A princípio, de tão maravilhoso, o Brasil de que apenas ouvimos falar só pode ser muito distante; e é melhor que permaneça assim, o Brasil da bandeira e do hino que entendemos mal (a sintaxe pelo avesso de um parnasiano), o Brasil da Seleção Brasileira. O de verdade, se existem países de verdade, é o que estamos cansados de ver, o nunca televisionado, e o que preferimos não conhecer: o que aconteceria se o berço esplêndido se tornasse um divã? que diria o filho abandonado que passou tanto tempo da vida querendo ser reconhecido à luz do dia ou ao menos, em segredo, orgulhar o pai? que diria da vergonha adulta de descobrir que o pai além de ausente era fracassado reincidente e, pior, sempre tinha falhado quando tinha tudo nas mãos, e sempre desperdiçava o sacrifício dos outros, o sacrifício dos filhos que nunca reconheceu e dos quais julga que ainda pode exigir respeito?

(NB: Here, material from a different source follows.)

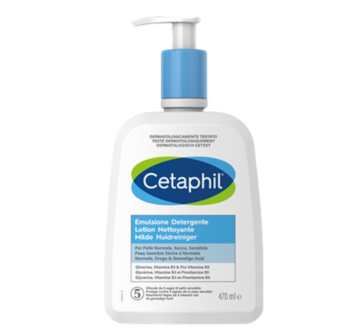 cetaphil emulsione detergente 470 ml in omaggio crema idratante 100 g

O pai de vez ausente a gente nunca sabe se é vivo ou se morreu.
O trauma é trauma do que não se teve; do que ainda se esperou apesar de ser melhor não esperar. Esperar é arriscar a decepção; não esperar é entregar-se: às vezes ao pior cinismo, o que nada ensina. Que fazer?
Defender o próprio ser e a sua narrativa, o ser de apenas existir, pode já ser um combate. O ser como positividade pode se negar a uma resposta sobre si. A vida apenas vive e não se explica. O dito mundo ocidental civilizado cultiva bolsões de pobreza e atraso também como um paraíso acessível e barato.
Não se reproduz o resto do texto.